結冬安居日、
僧問う、安居何を将てか面目と為すや。
師曰く、函蓋合して箭鋒拄う、
進みて曰く、恁麼ならば則ち頭頭瞿曇の眼睛、箇箇達磨の骨髄、
師曰く、是是不是不是、
進みて曰く、是ならば也た得、不是ならば也た得、
師、便ち打す。
『月舟和尚遺録』巻上
加賀大乗寺26世として、明峰派の中興をされた月舟宗胡禅師への問答である。結冬安居日とあるので、どの年かの10月15日だったと思われる。もしかすると、結冬の上堂か小参をされた上での問答だったのかもしれない。
内容だが、或る僧侶が安居の面目(様子)とは何か?と尋ねたところ、月舟禅師は石頭希遷禅師『参同契』の二句「事存函蓋合、理応箭鋒拄」を繋げて先のように答えた。これは、仏法(理)と現実の修行(事)とが合しているという修証一等の境涯を示したものだといえる。
ところが、これを事の側で無分別に捉えてしまうと、或る僧侶の答えのように、全てが釈尊の眼睛(大事なもの=仏法)で、全てが達磨の骨髄(仏法の真実)だと解釈されるのだが、月舟禅師は答えの危うさ(つまり、全てが仏法ならば修行不要になる可能性があるため)を示すため、「是是不是不是」と、是不是の問題を示しつつ、問者に返している。
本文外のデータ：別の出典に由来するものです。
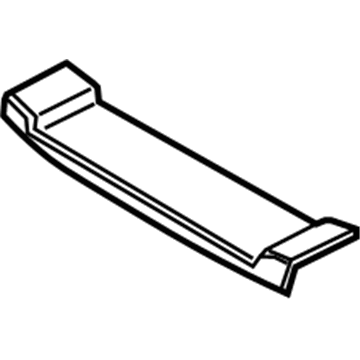 Volvo 31467557 Protect Plate, Charcoal, Driver Side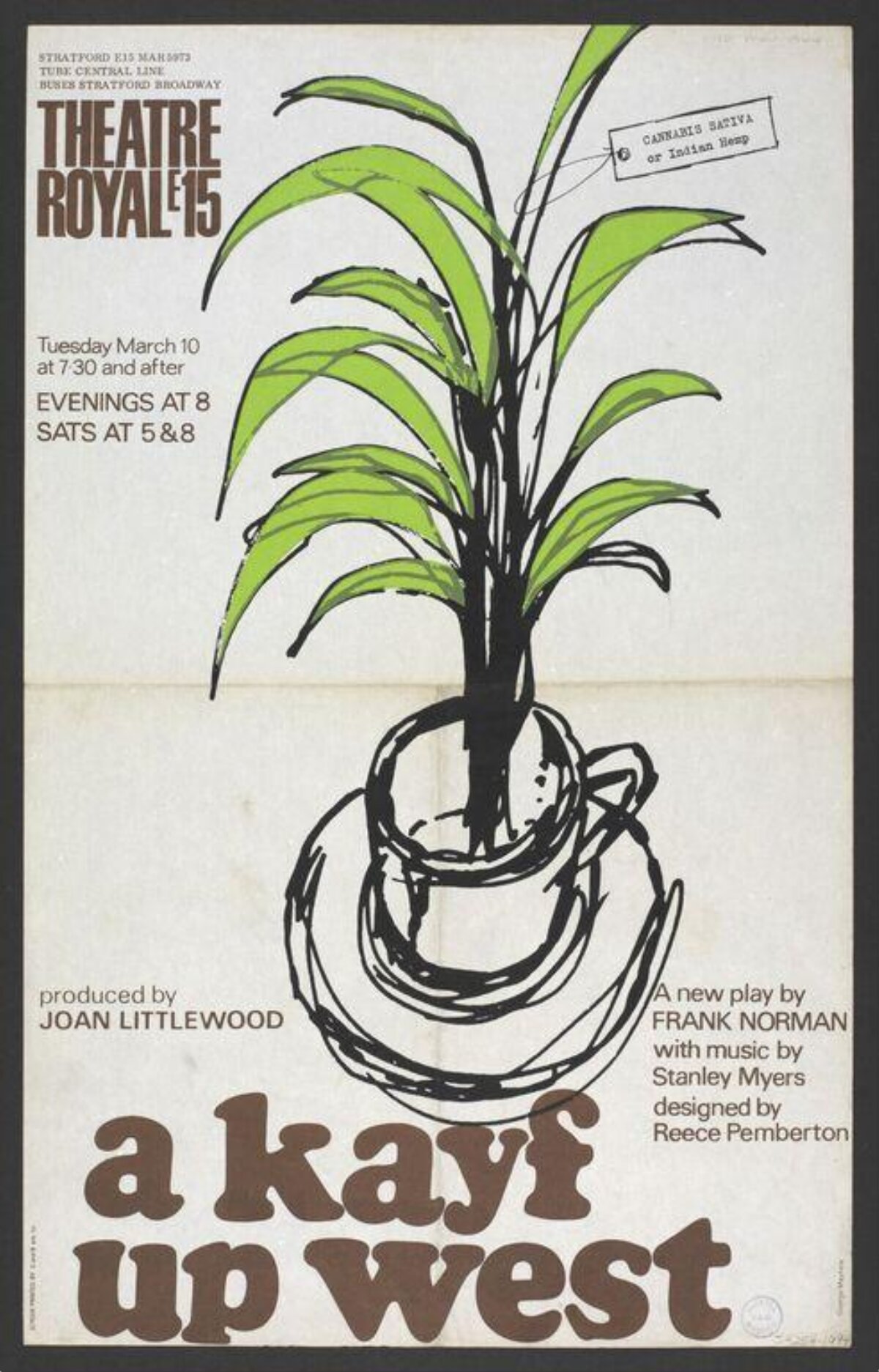 A Kayf Up West Theatre Poster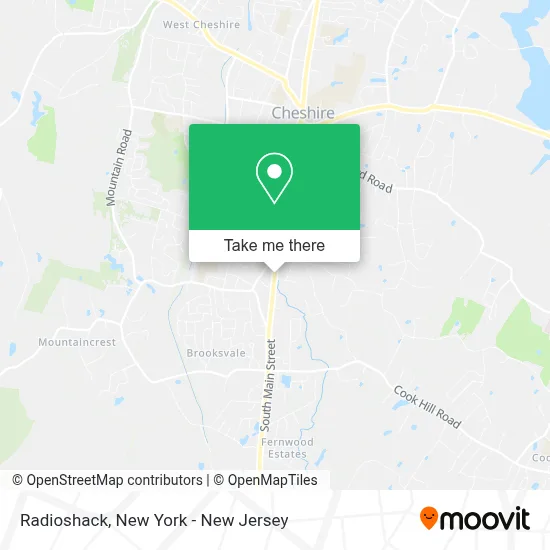 Radioshack map
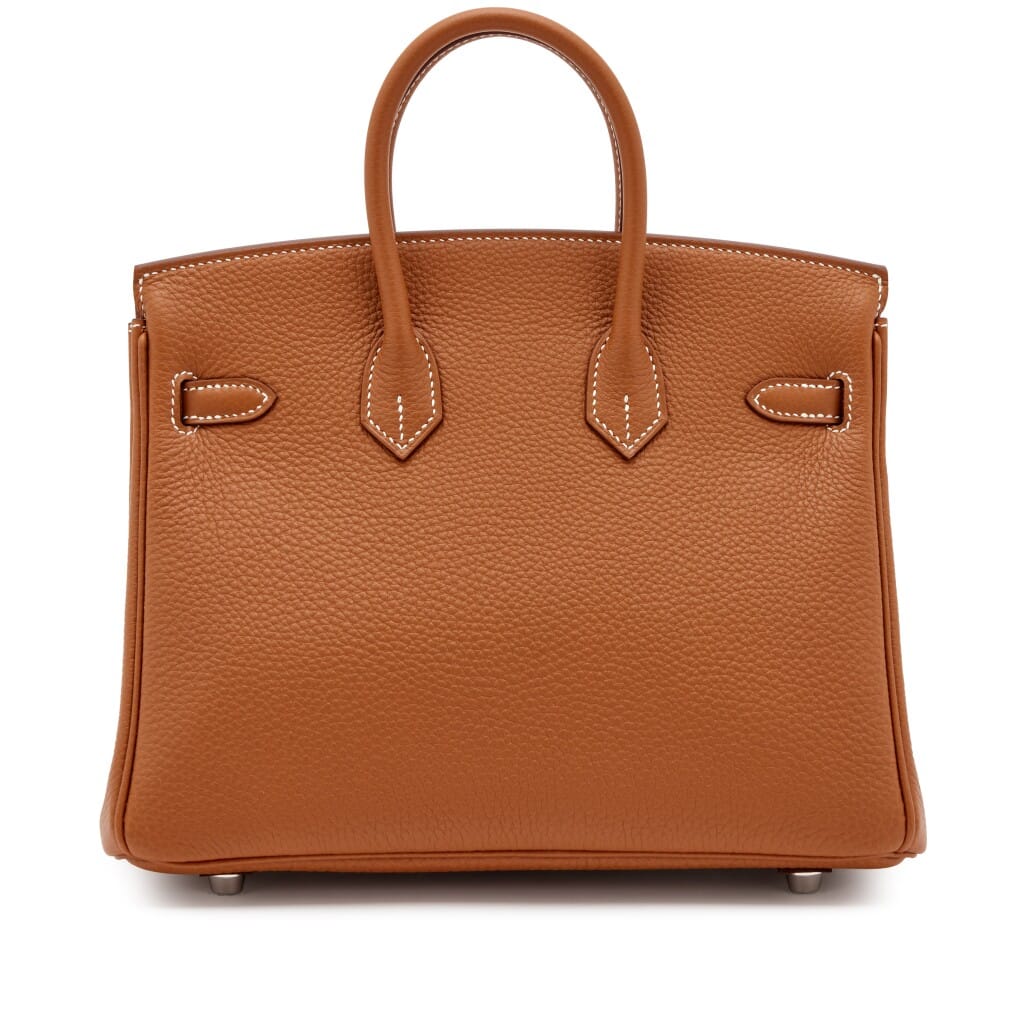 Gold Togo Birkin 25 Palladium Hardware, 2025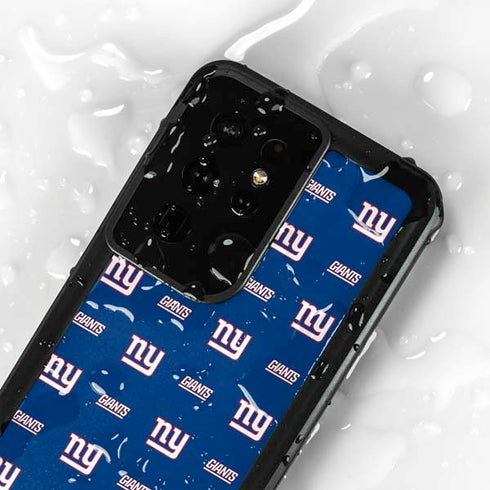 NFL New York Giants Blitz Series Galaxy S24 Ultra Waterproof Case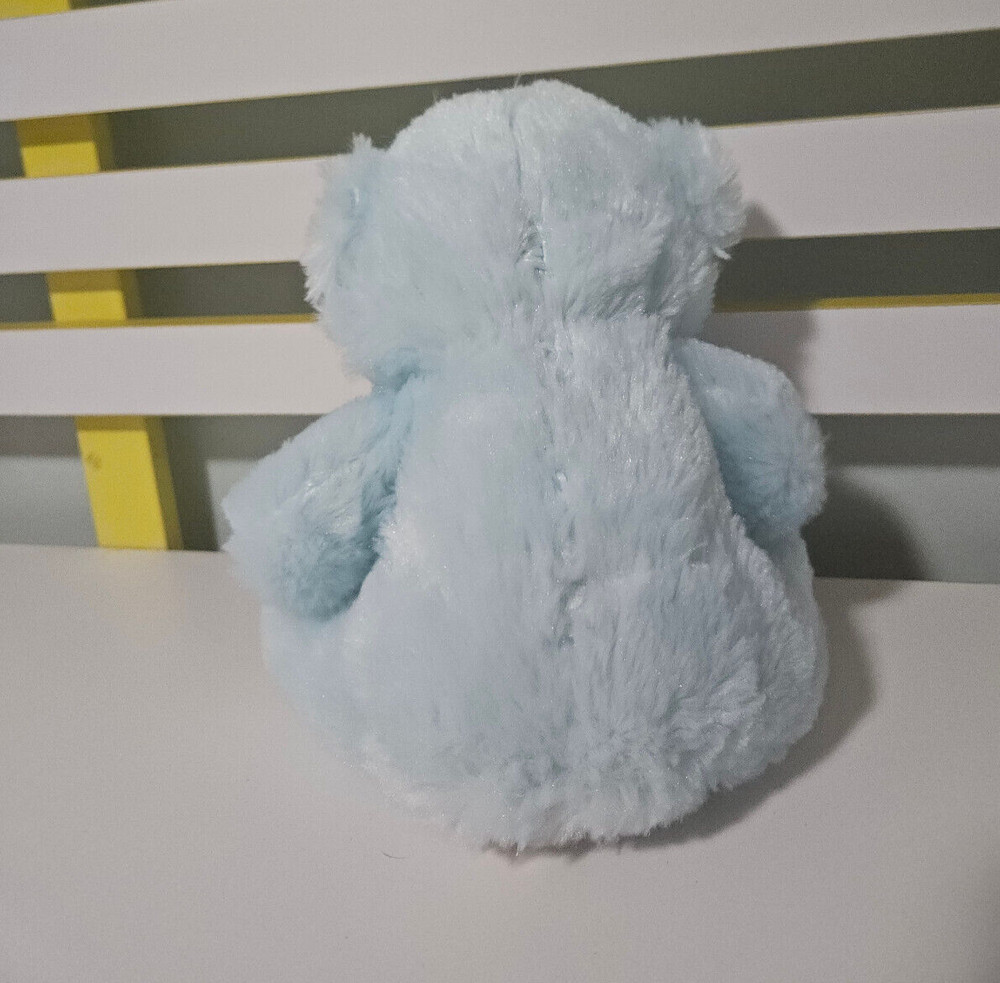 TEDDYTIME BLUE TEDDY BEAR BLUE BOW 20CM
すると、その僧は「是」でも「不是」でも全てを「得」と、またしても無分別の立場から返した。月舟禅師はその僧を打っているが、これなどは最終的に本人の修行次第だぞ、と示したことになる。よって、答えの可否は保留されているのである。
結局は安居であるから、修行次第になってしまう。この無分別の立場に立った問者は、どのような修行をされたのか、それだけが気になるところである。